Arbitration agreements come in all shapes and sizes and will vary depending on your objectives. But they share some common characteristics. Make sure your agreement is:

  • Clear (you don’t want to spend any significant time arguing about whether the arbitration agreement applies at all or whether it applies to a specific dispute).
  • In writing.
  • Signed by the employee.

The agreement should expressly state that certain disputes – be sure to include what kinds of disputes – must be brought through a specific arbitration body. And don’t forget to include what state’s law applies.

Clearly Include Class and Collective Action Waivers

In addition to forbidding individual lawsuits against the company, arbitration agreements can prevent employees from participating in class and collective actions against the company. If your company wants to include this restriction in the agreement, be sure to specifically state that the employee waives any right he or she has in bringing a class or collective lawsuit or class or collective arbitration against the company. Remember a class of individuals can bring an arbitration claim just like a class can bring a lawsuit in the court system – so make sure to state the employee waives the right to bring a class or collective lawsuit, and a class or collective arbitration.

Include Class and Collective Action Waivers – Even After a Suit Has Been Filed

The above points are relevant if you’re thinking about including arbitration agreements going forward or if you’re dusting them off and editing your current ones. But what if you already have arbitration agreements in place, but didn’t forbid class or collective action? You may not be out of luck. In Cordúa Restaurants, Inc., the National Labor Relations Board recently found that if you are sued in a class or collective action, you can update your existing arbitration agreement to include a class or collective action waiver while the lawsuit is pending. This amendment will bar employees from opting into the pending litigation. Even more, the NLRB found that you can warn employees that their failure to sign the updated mandatory arbitration agreement will result in termination. This means that if your current arbitration agreement doesn’t prevent employees from joining class or collective actions, you can update those agreements – even during pending litigation – to prevent employees from bringing or joining such actions against the company.

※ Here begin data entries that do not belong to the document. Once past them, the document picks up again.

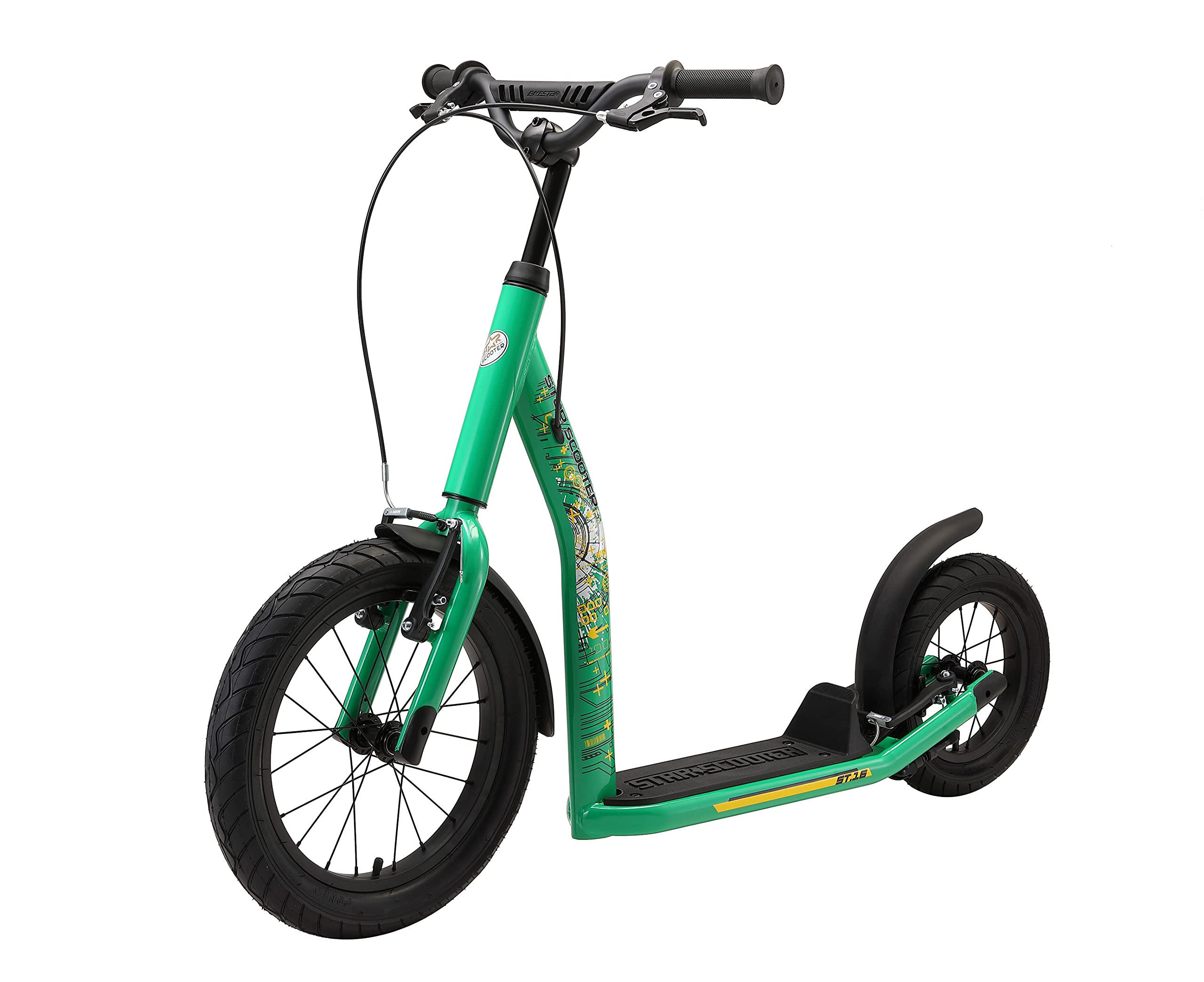 STAR SCOOTER Kinder Tret Roller ab 8 Jahre | City Kick Scooter Luftreifen Höhenverstellbar 16 Zoll New Gen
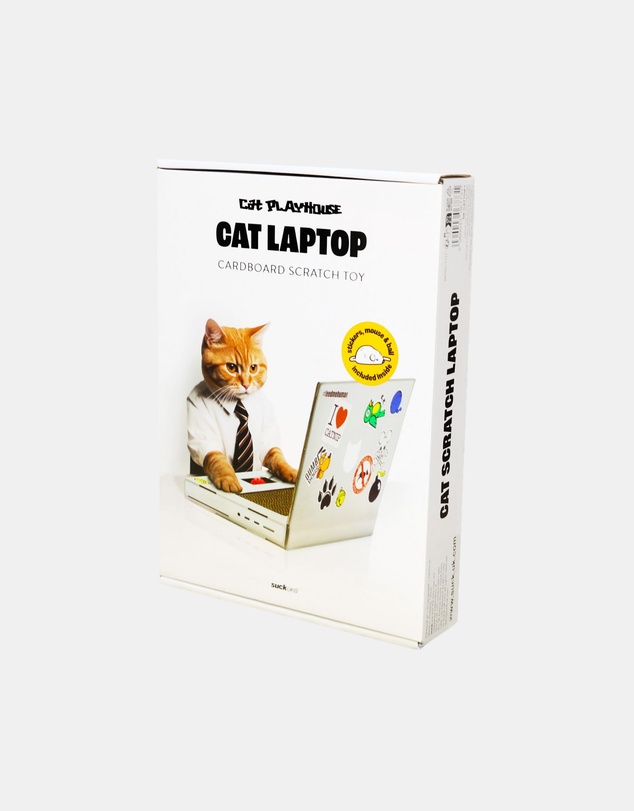 Suck UK - Cat Playhouse Scratch Laptop
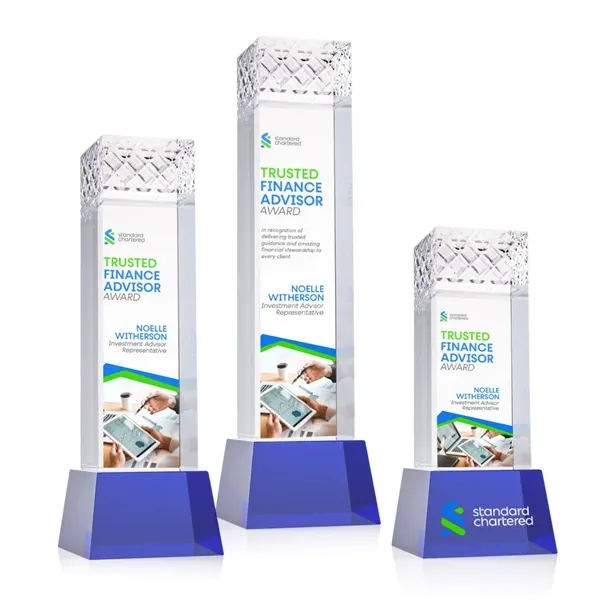 Velson VividPrint™ Award on Base - Blue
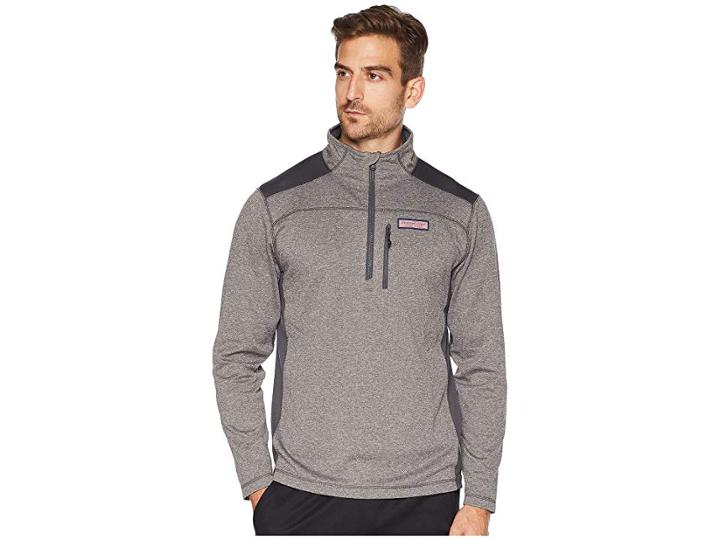 Vineyard Vines Performance Mesh Back Shep Shirt (medium Heather Gray) Men's Clothing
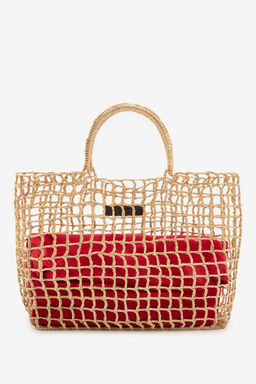 RAFFIA MAXI TOTE BAG LIMITED EDITION - Zara фото 6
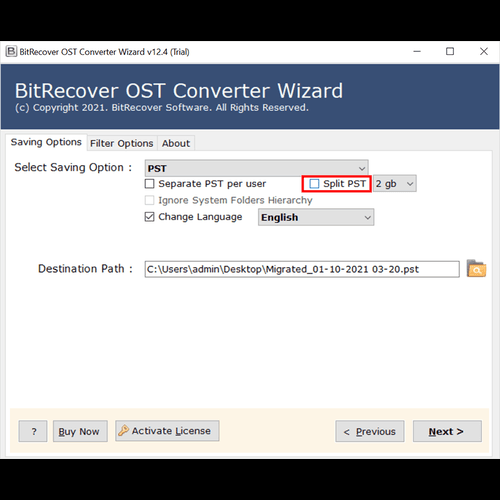 BitRecover OST to PST Converter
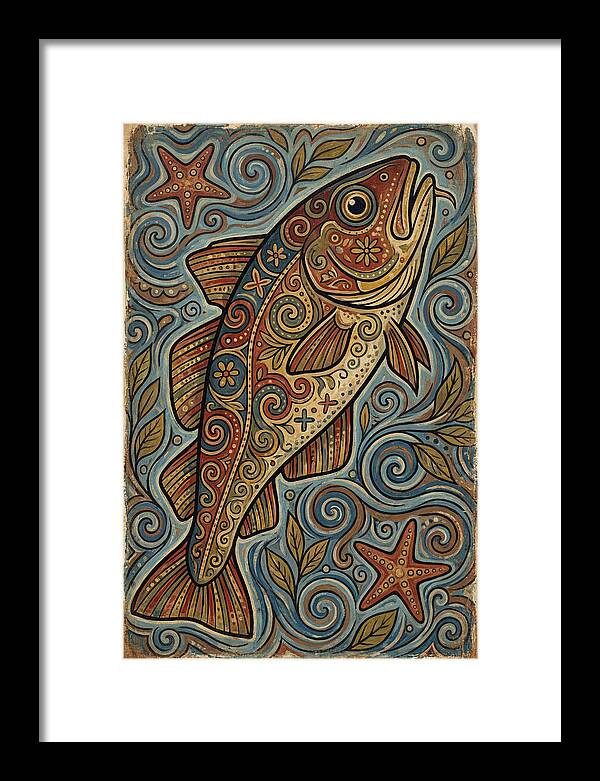 Colorful Cod Folk Art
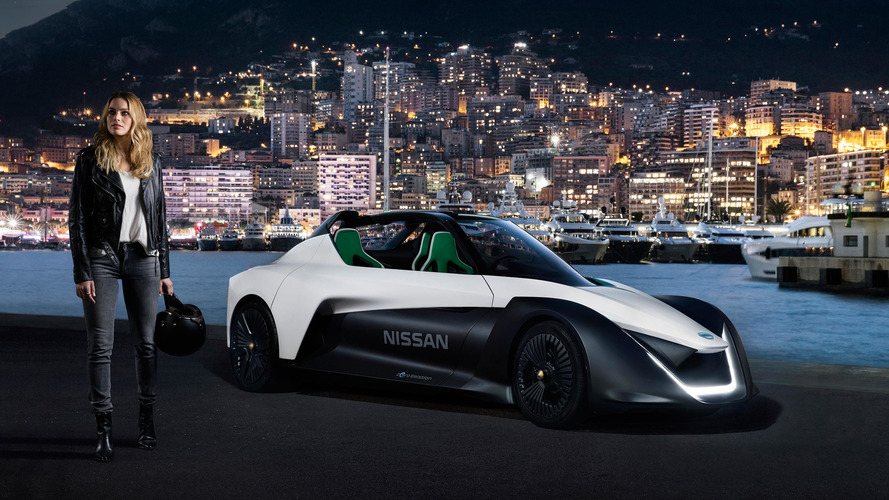 Margot Robbie Drives a Futuristic Car as Nissan's New Face Margot Robbie Drives a Futuristic Car as Nissan's New Face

Pay Attention to State Laws that Affect What Can Be Included in the Arbitration Agreement

Class and collective action waivers are enforceable, but be careful to draft these waivers so they do not conflict with state law requirements. For example, in California, arbitration agreements cannot limit the remedies to which an employee would otherwise be entitled in court. Additionally, California law requires employers to pay for any arbitration costs that go beyond what the employee would be expected to pay in court.

Arbitration agreements, while not a good fit for every company, are a useful tool for many. If you decide to use them, just be sure to carefully draft them so they achieve your goals. And don’t forget to periodically review and revise those agreements to keep them up to date.